The output is the lines below from the one with "Seguridad y ética en el uso de las TIC" through the one with "A, = 420 mm?", both included, printed exactly and with no other line.

═════ Data shown ═════

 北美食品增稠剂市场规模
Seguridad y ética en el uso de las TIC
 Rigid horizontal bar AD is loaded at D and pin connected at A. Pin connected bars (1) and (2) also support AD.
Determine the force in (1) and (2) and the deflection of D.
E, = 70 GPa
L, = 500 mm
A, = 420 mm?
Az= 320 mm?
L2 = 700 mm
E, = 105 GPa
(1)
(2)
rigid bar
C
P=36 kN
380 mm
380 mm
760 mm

═════
═════ Data shown ═════

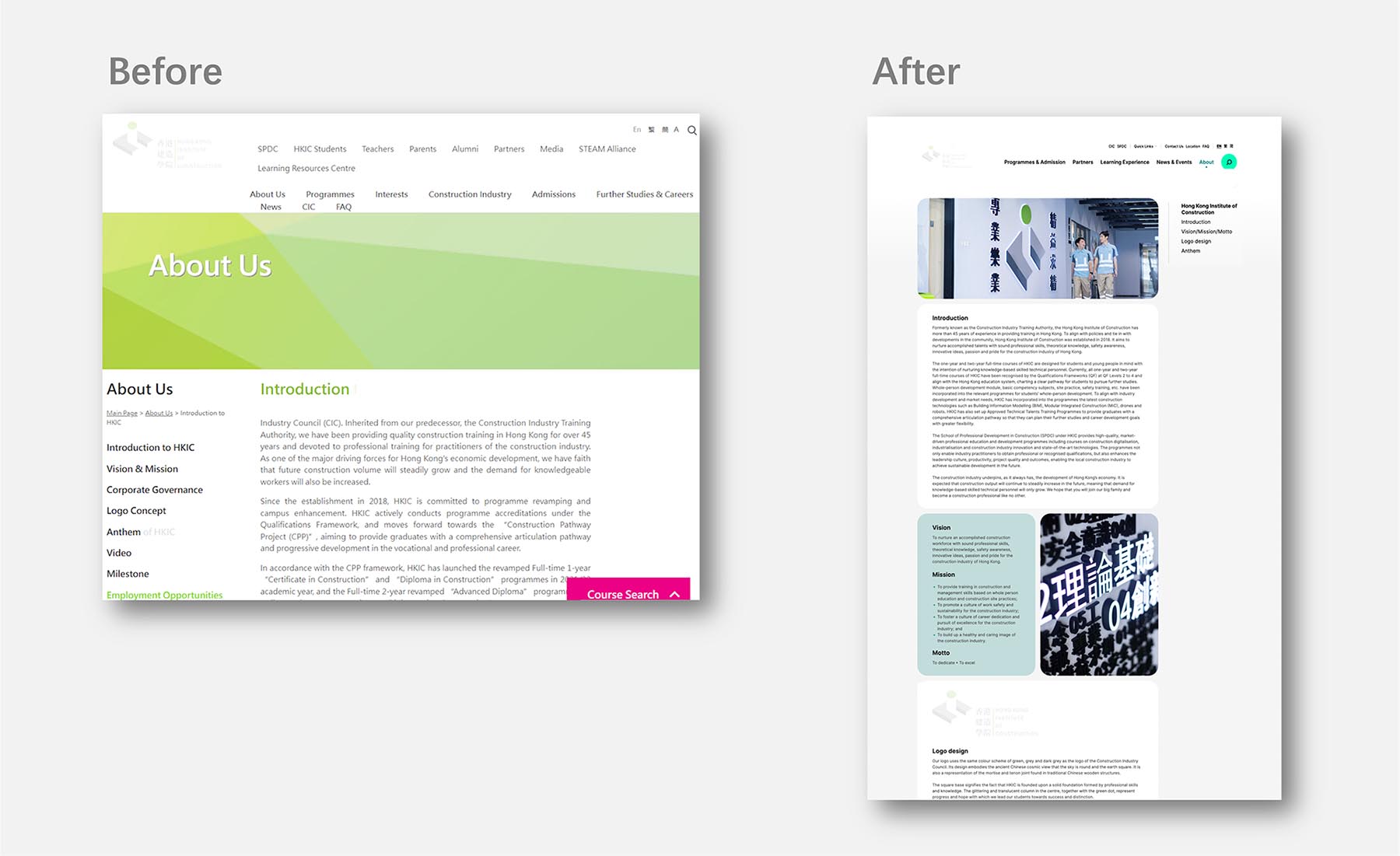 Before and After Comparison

═════

Response to this task:
Seguridad y ética en el uso de las TIC
 Rigid horizontal bar AD is loaded at D and pin connected at A. Pin connected bars (1) and (2) also support AD.
Determine the force in (1) and (2) and the deflection of D.
E, = 70 GPa
L, = 500 mm
A, = 420 mm?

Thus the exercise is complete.